Au-delà de l’assiette, j’accorde aussi une grande importance aux associations avec les boissons et leurs saveurs. Cela fait deux ans que, avec Paz Levinson, la sommelière en chef du Groupe Pic, je travaille sur des accords entre mets et boissons non alcoolisées. Il s’agit là d’un nouveau défi qui crée de nouvelles ramifications dans le dialogue aromatique en cuisine. Le but ultime est de transformer le repas en un moment de symbiose absolu entre arômes et saveurs.

Derrière les fourneaux, quelle est l’importance de l’innovation pour vous?

L’innovation est au cœur de ma création! Pour moi, innover signifie pousser les limites de ses connaissances, parcourir des chemins inexploités, développer de nouvelles techniques, comme la fermentation par exemple, et les mettre au profit du goût pour créer de nouvelles associations de saveurs qui se caractérisent par une certaine légèreté.
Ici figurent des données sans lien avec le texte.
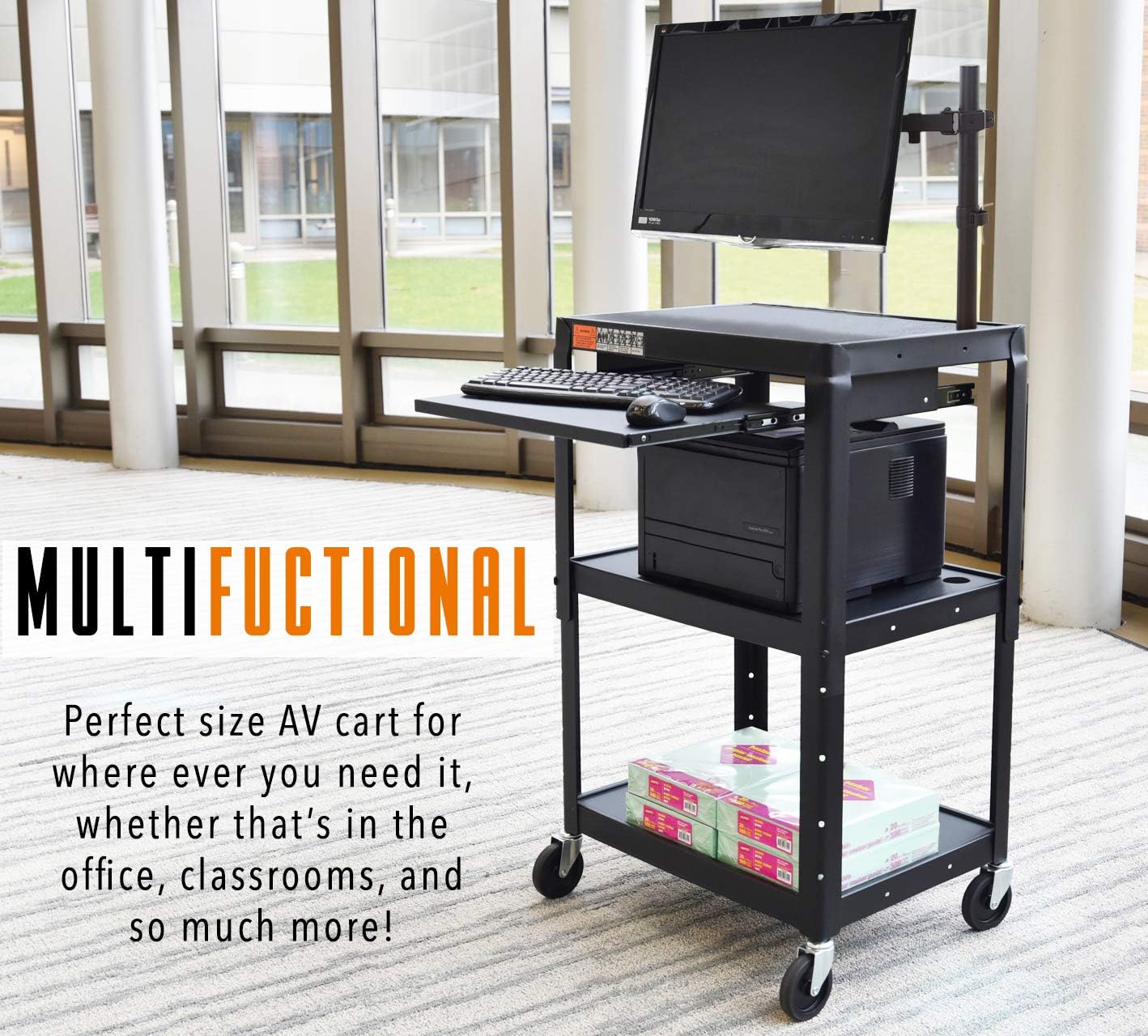Line Leader AV Cart with Keyboard Tray and Monitor Mount - Mobile Workstation/Presentation Cart with Monitor Arm - Take Your Office On-The-Go with Our Stand Up Computer Cart (Black / 24 x 18) : Office Products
En 2007, votre restaurant, la Maison Pic de Valence, a obtenu trois étoiles Michelin. Que représentent-elles à vos yeux? 

Elles sont pour moi la récompense qui suit de nombreuses années de travail. L’obtention de la nouvelle étoile s’inscrit dans un devoir de mémoire envers mon père et son travail. Elle implique une pression supplémentaire, mais elle va au-delà en m’apportant aussi une grande liberté. Je peux en effet aller encore plus loin dans l’audace.

Lorsque vous imaginez un plat, à quoi pensez-vous?

Je pense à l’émotion que ce plat va procurer. On crée toujours un plat pour les autres et il est donc clair que toute recette naît de la volonté de faire plaisir à la personne qui la déguste. Créer un nouveau plat signifie aussi pousser ses propres limites. C’est donc un véritable challenge pour la créativité et une aventure qui franchit les différentes étapes de création d’un plat, de la trame aromatique à la présentation, en passant par les textures et les couleurs.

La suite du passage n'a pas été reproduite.